I watch movies at home on DVDs from time to time as do many others. Each time I start a disk, there's always a big ugly FBI notice that cannot be skipped or fast-forwarded past, a notice of penalties for copyright infringement. I've read the text many times but until lately they were just words, words I'd merely blip through and not notice their underlying message. Then I read them one more time -

"FBI WARNING - Federal Law provides severe civil and criminal penalties for the unauthorized reproduction, distribution or exhibition of copyrighted motion pictures, videotapes, DVDs or video discs.
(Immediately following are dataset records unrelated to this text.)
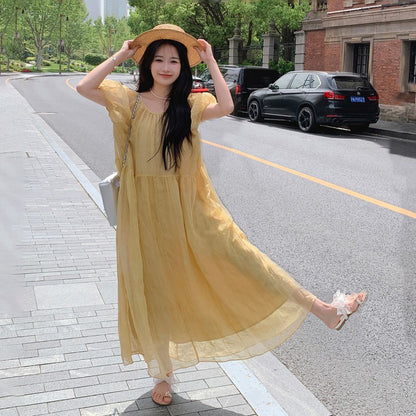 【ワンピース】イエロー ロングワンピース 夏 ゆったり バックシャン リボンデザイン 体型カバー リゾートドレス【JZシリーズ】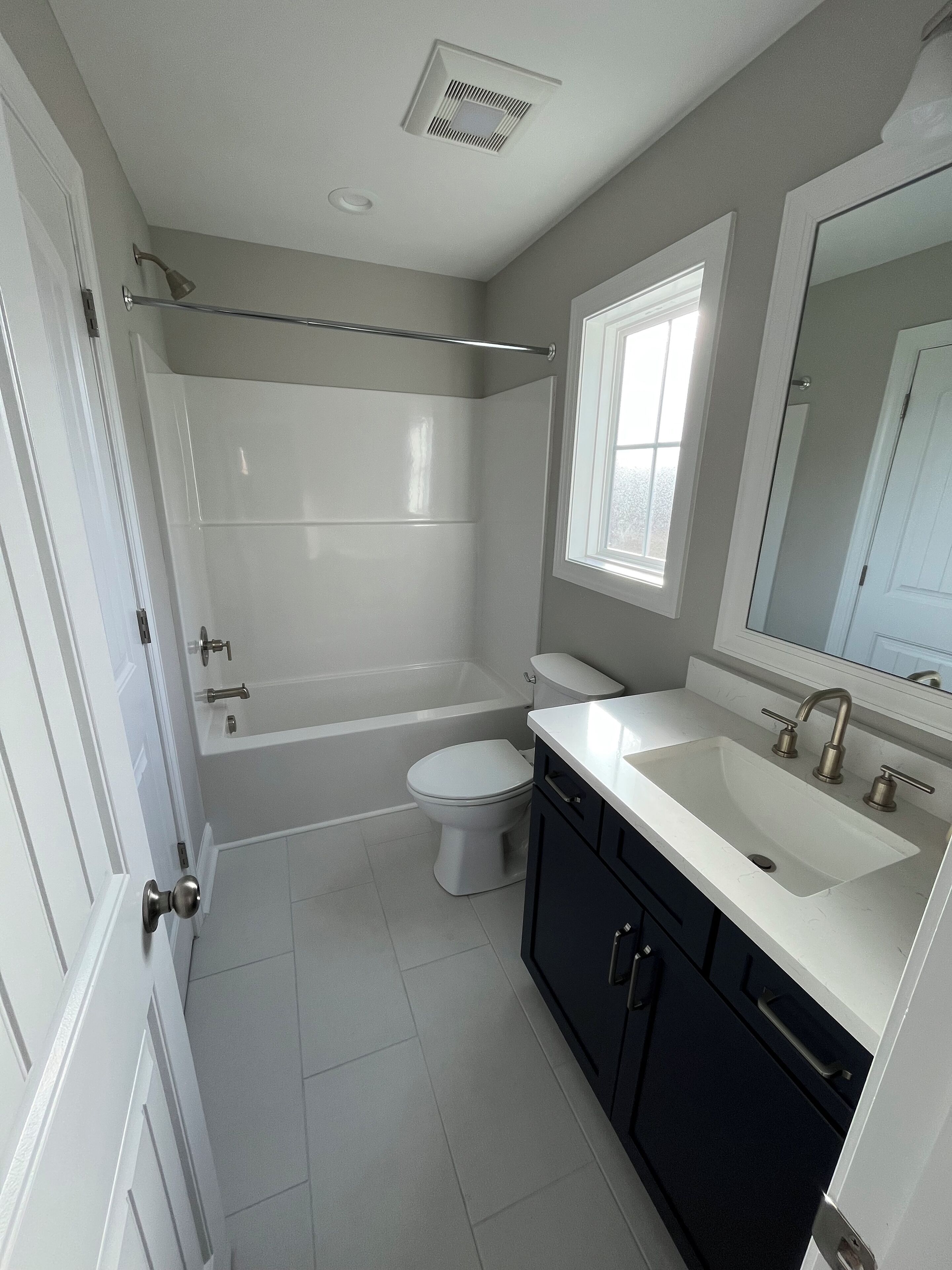 A bathroom with a bathtub, toilet, and sink.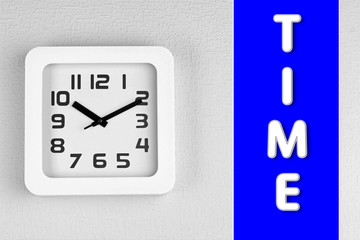 Office clock on color wall background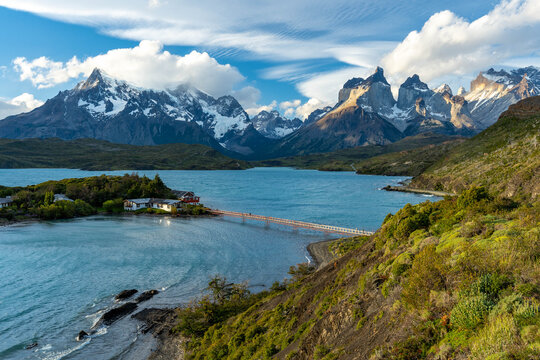 Majestic golden hour light illuminates the iconic Cuernos del Paine mountain range, overlooking the serene Lago Peho&eacute; with its scenic footbridge in Torres del Paine National Park, Patagonia.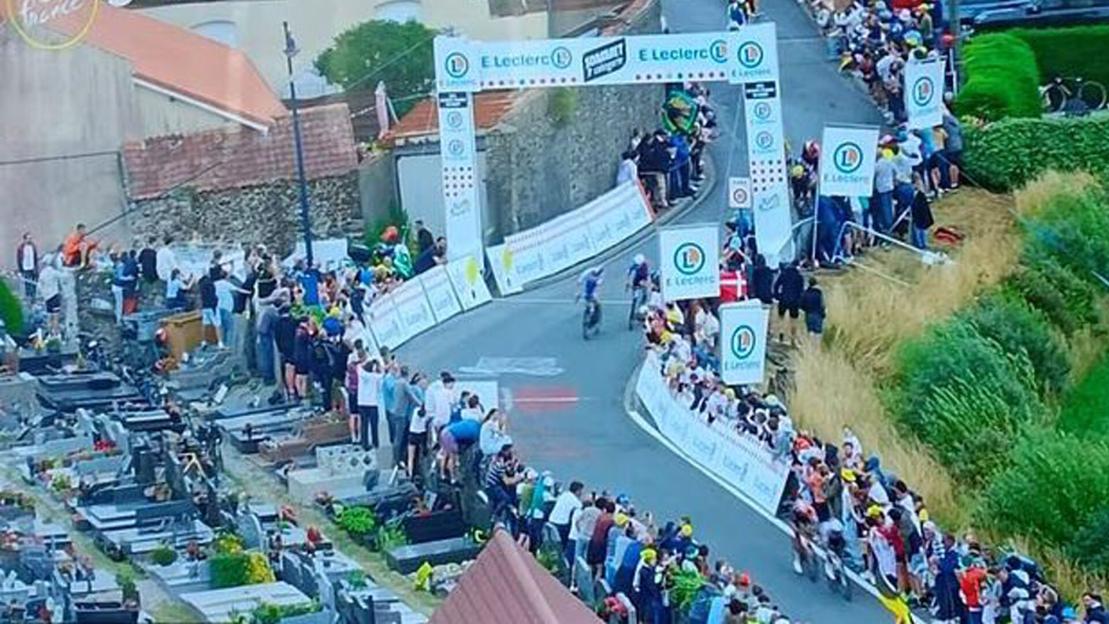 Tour de France fans slammed as ‘disrespectful’ after spectators spotted climbing on GRAVES to catch glimpse of the race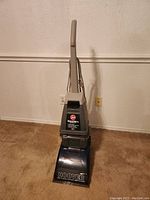 Full view of upright Hoover steam cleaner showing the handle, tank, and base on carpet.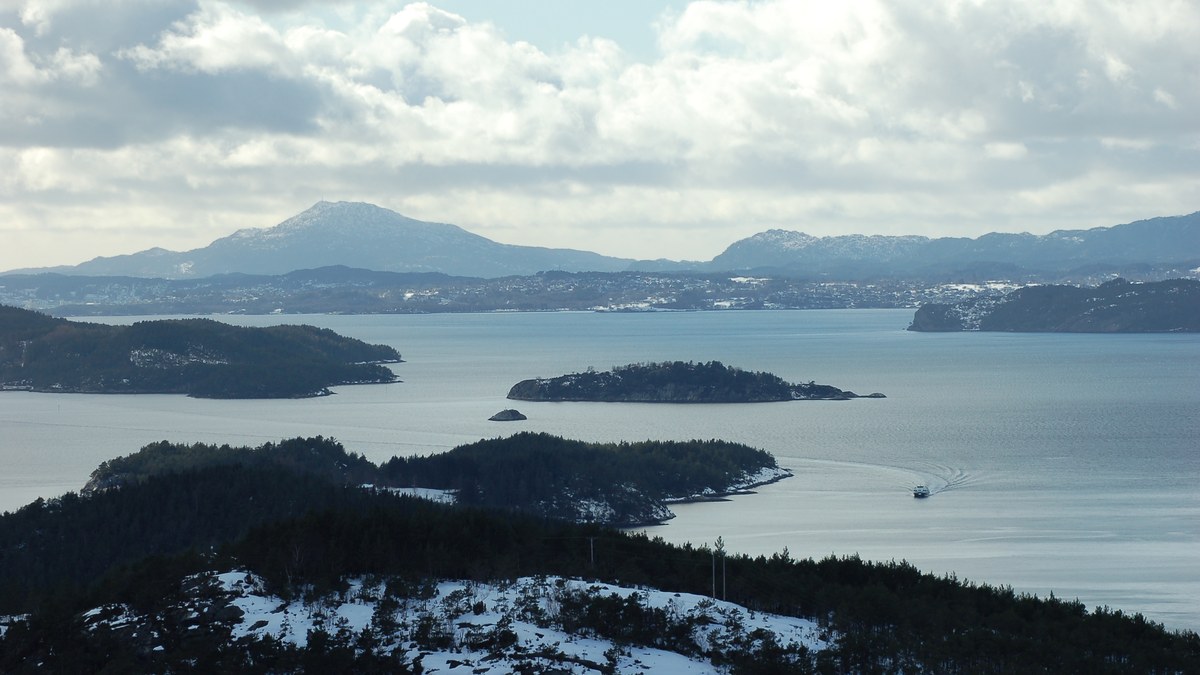 Sunlit Norwegian fjord framed by mountains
Criminal copyright infringement is investigated by the FBI and may constitute a felony with a maximum penalty of up to five years in prison and/or a $250,000 fine."
Yeah, that's right, making a copy of my $10 copy of Garfield the Movie could subject me to a maximum penalty of up to five years in prison and/or a $250,000 fine. And I am certainly aware of what the RIAA has been doing to people it claims have been illegally sharing music, suing people for 10s of 1000s of dollars simply because the people may have links to certain filenames on their computers or networks.

Compare & contrast the protection given by the Government of the United States to Garfield the Movie versus the protection given to domestic IT & engineering jobs. Send my job to India by in effect making a copy of that job and outsourcing it, what does the FBI do? Prison? Fines?? -heh- Odds are the corporates end up with a tax cut or similar subsidy.

Kinda makes their priorities clear, eh?